» TASK TO CARRY OUT
Your answer must restate each entry below word for word, with no pictures in it.

» PROVIDED ENTRIES
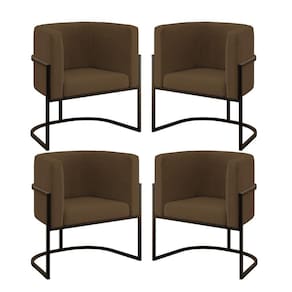 Kit 04 Poltronas Lua Sala Decorativa Base De Ferro Black Marrom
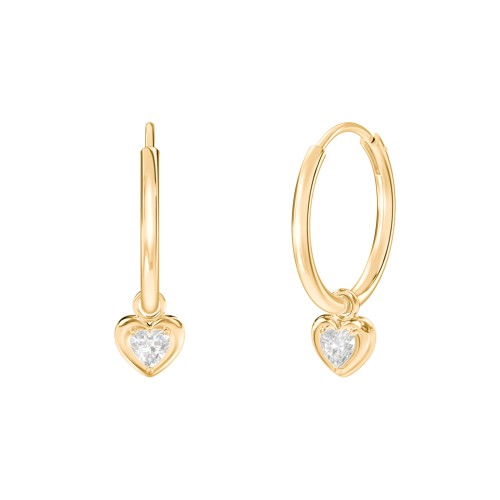 Medium Hoops with Removable Puffy Heart Birthstone Charms – with Diamond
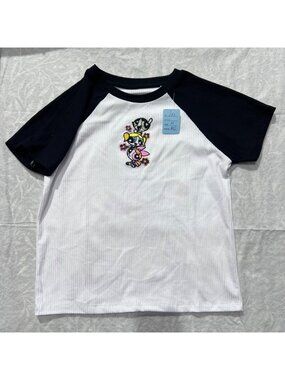 The Powerpuff Girls Raglan T-Shirt Girls M Cartoon Print Black & White
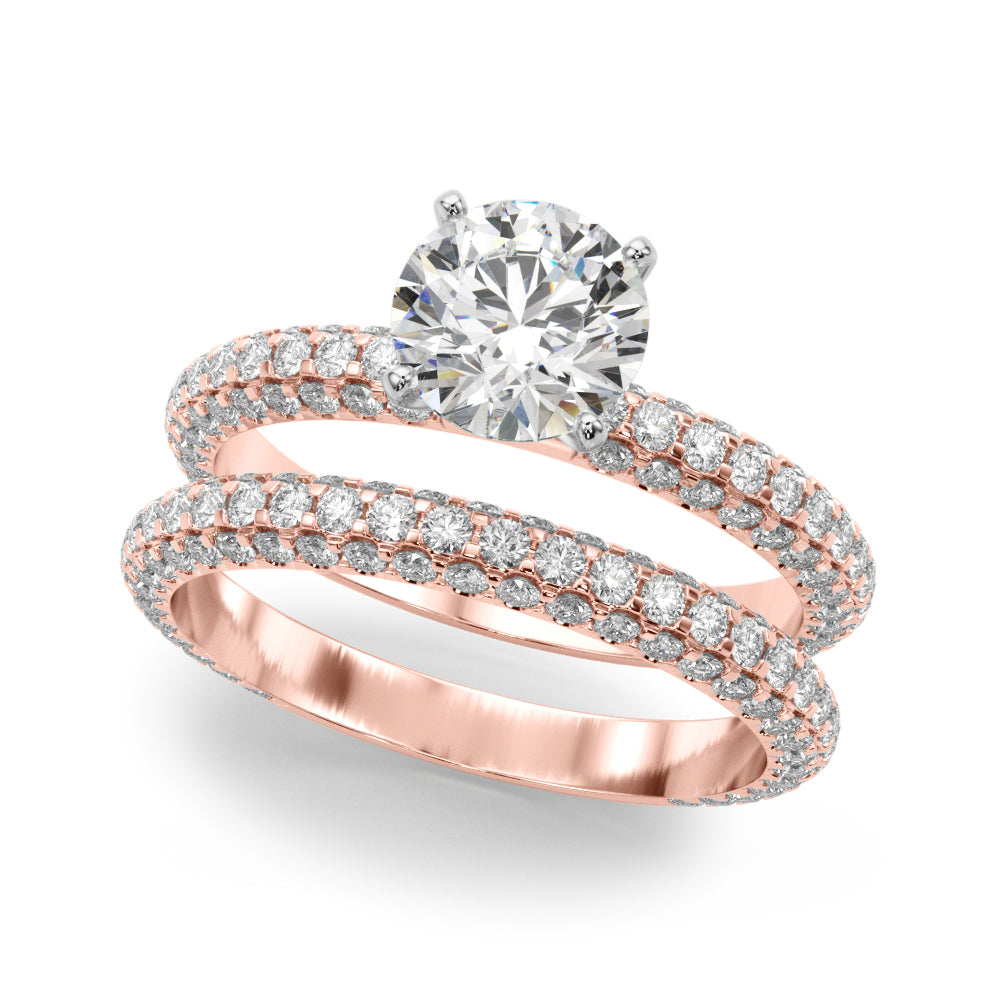 Signature Pave Engagement Ring Round Diamond Engagement Ring in 10K/14K gold and platinum with certified lab-grown or natural diamonds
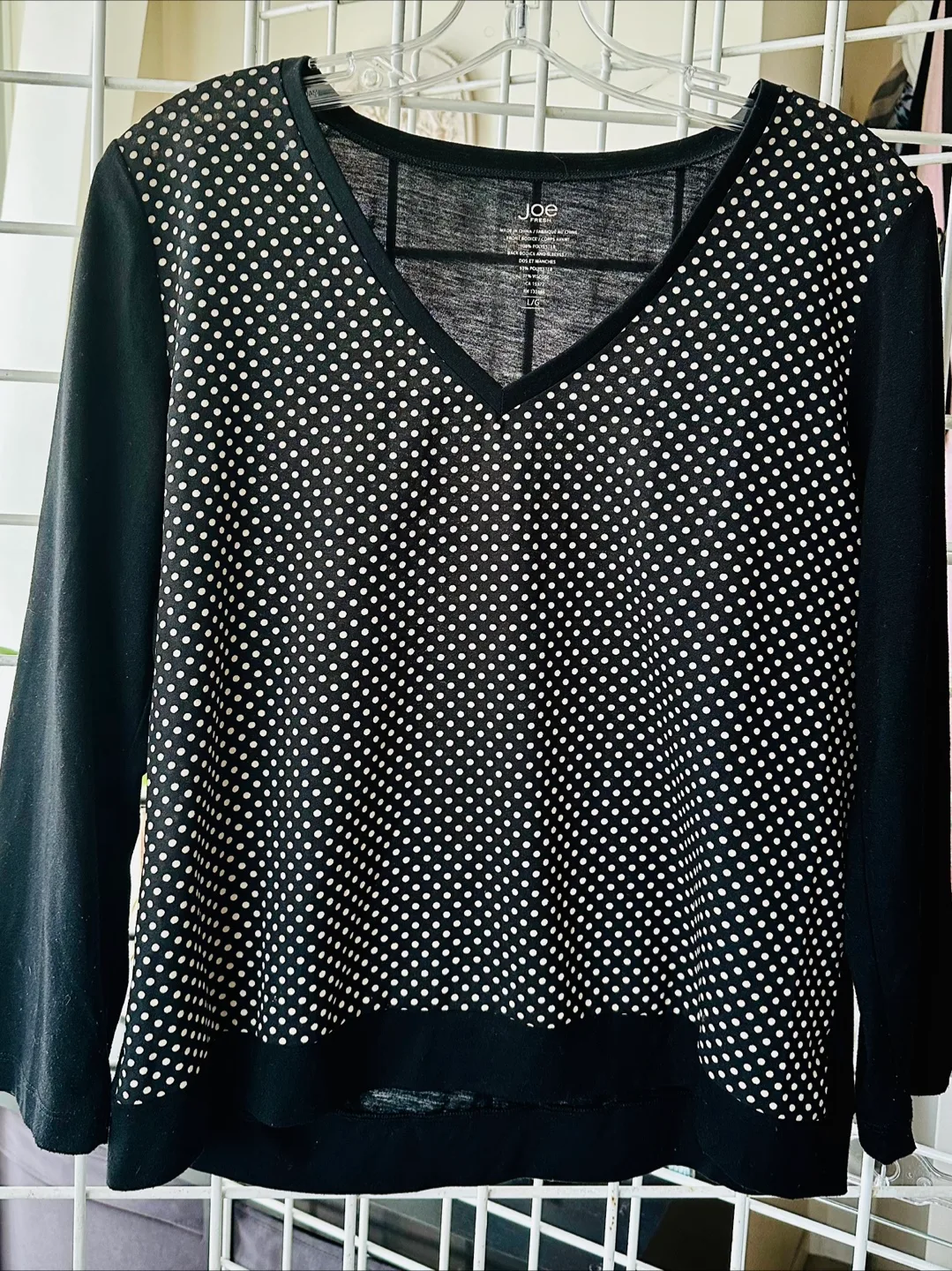 Joe Fresh Black and beige Polka Dot 3/4 Sleeve Top Size L/G thumbnail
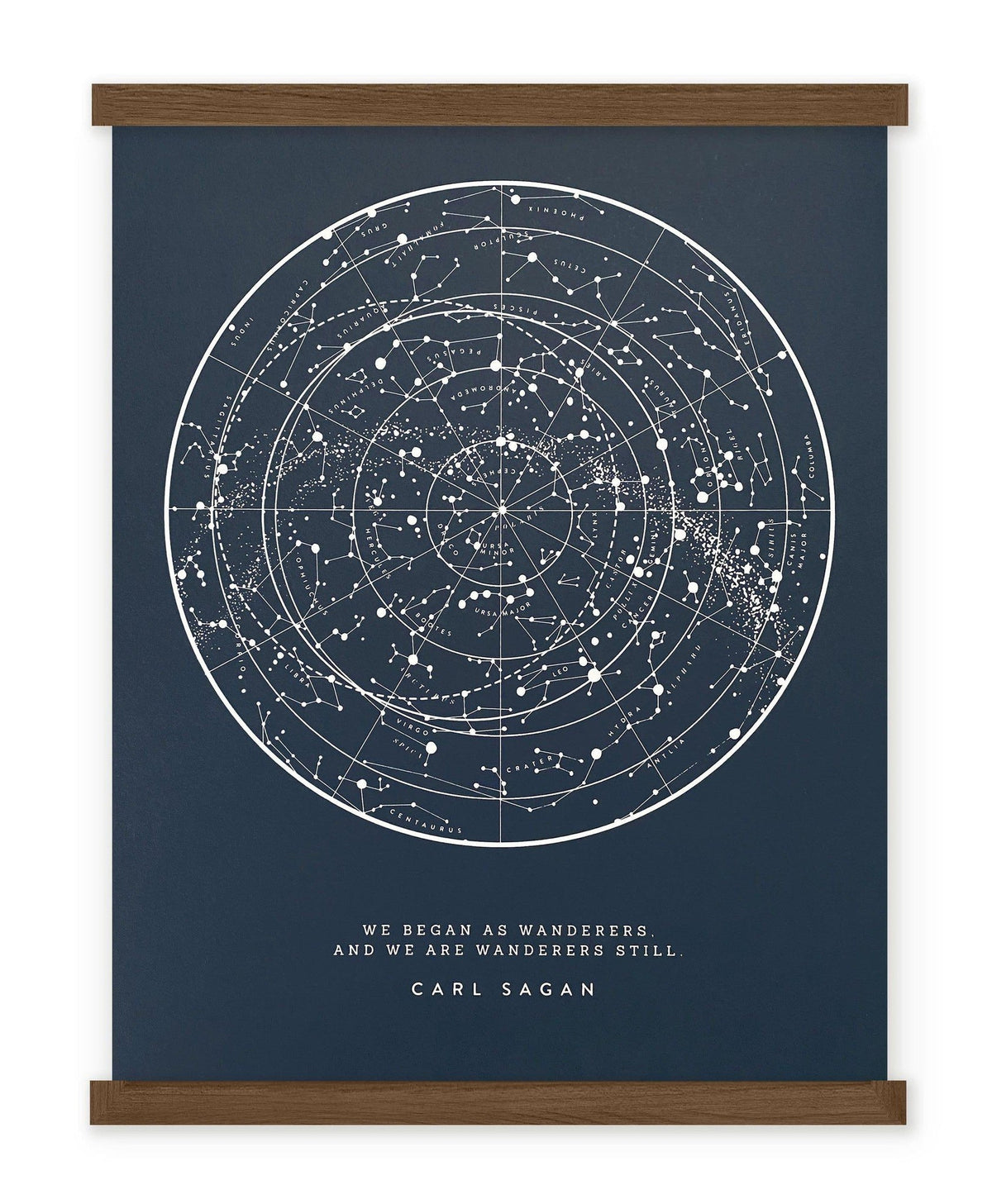 A  Carl Sagan Star Chart - Navy print of a constellation map by The Wild Wander.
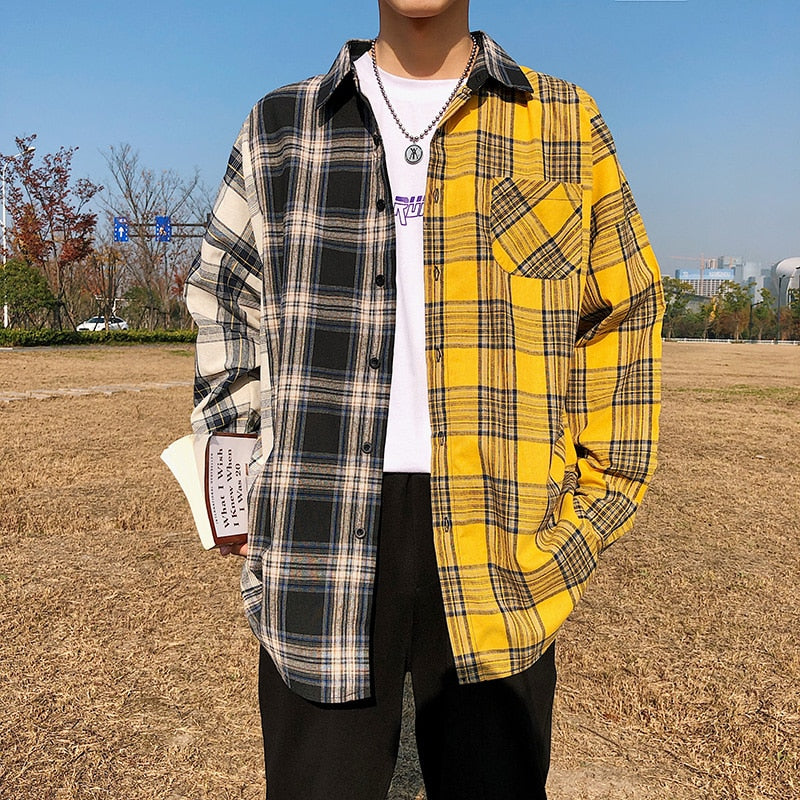 Men's Oversized Cotton Plaid Patchwork Button Up Long Sleeve Shirt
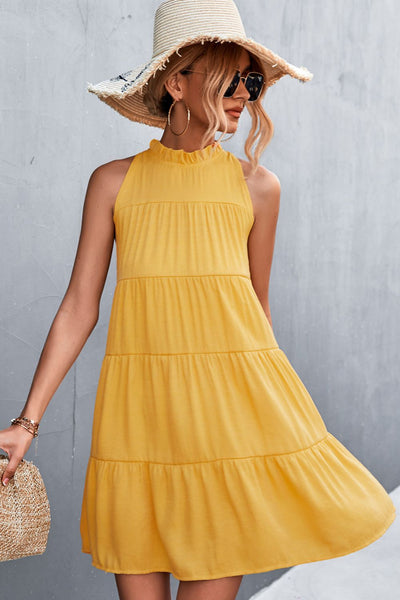 Grecian Tiered Sleeveless Dress - SHE BADDY© ONLINE WOMEN FASHION & CLOTHING STORE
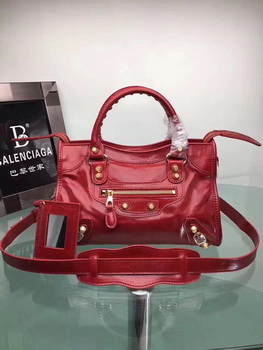 Balenciaga Giant City Gold Studs Handbag 084333 Red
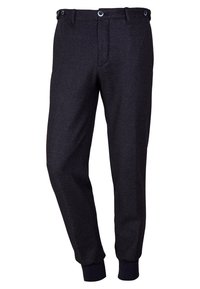 Zúžené tepláky v tmavě šedé pletenině, s tkaničkovým pasem, dvěma předními kapsami a žebrovanými manžetami pro slim fit vzhled.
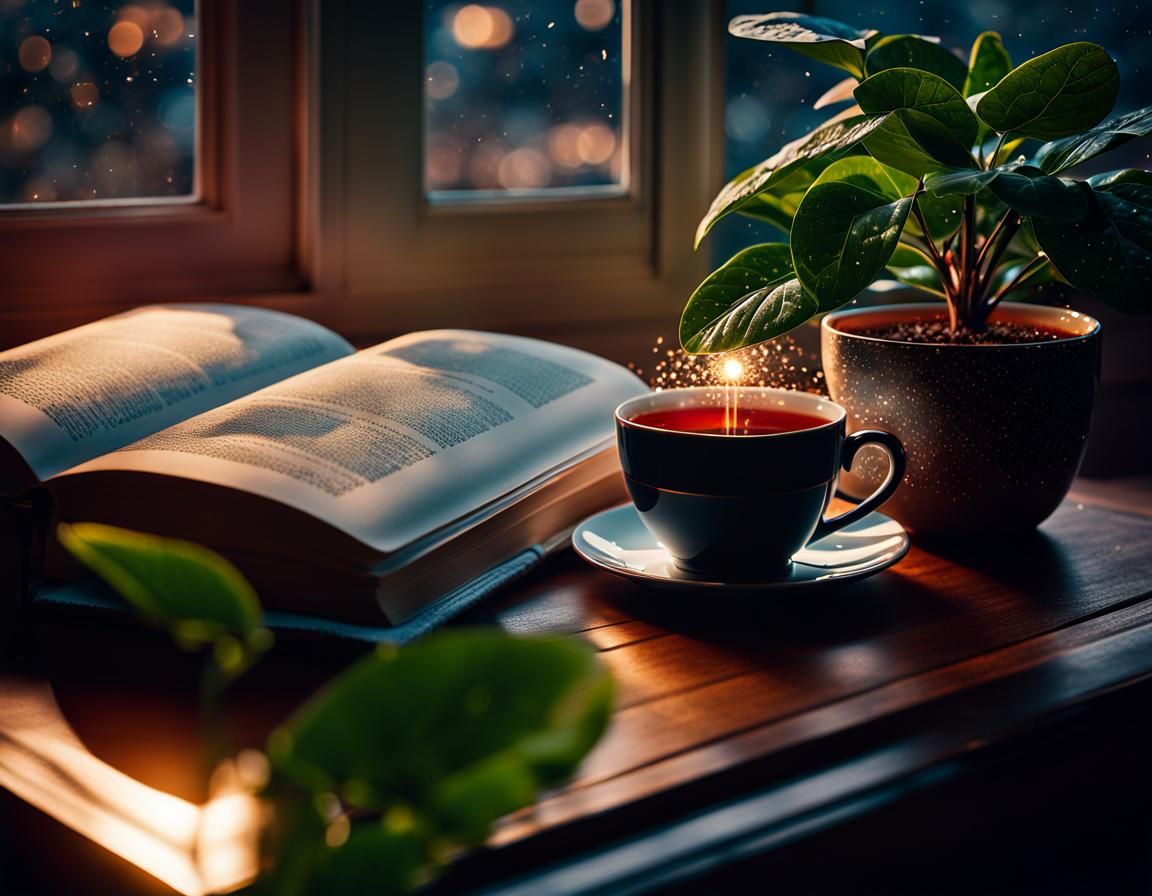 Evening Tea Still Life in Hyperrealistic Digital Art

» RESPONSE BOX
 Kit 04 Poltronas Lua Sala Decorativa Base De Ferro Black Marrom
 Medium Hoops with Removable Puffy Heart Birthstone Charms – with Diamond
 The Powerpuff Girls Raglan T-Shirt Girls M Cartoon Print Black & White
 Signature Pave Engagement Ring Round Diamond Engagement Ring in 10K/14K gold and platinum with certified lab-grown or natural diamonds
 Joe Fresh Black and beige Polka Dot 3/4 Sleeve Top Size L/G thumbnail
 A  Carl Sagan Star Chart - Navy print of a constellation map by The Wild Wander.
 Men's Oversized Cotton Plaid Patchwork Button Up Long Sleeve Shirt
 Grecian Tiered Sleeveless Dress - SHE BADDY© ONLINE WOMEN FASHION & CLOTHING STORE
 Balenciaga Giant City Gold Studs Handbag 084333 Red
 Zúžené tepláky v tmavě šedé pletenině, s tkaničkovým pasem, dvěma předními kapsami a žebrovanými manžetami pro slim fit vzhled.
 Evening Tea Still Life in Hyperrealistic Digital Art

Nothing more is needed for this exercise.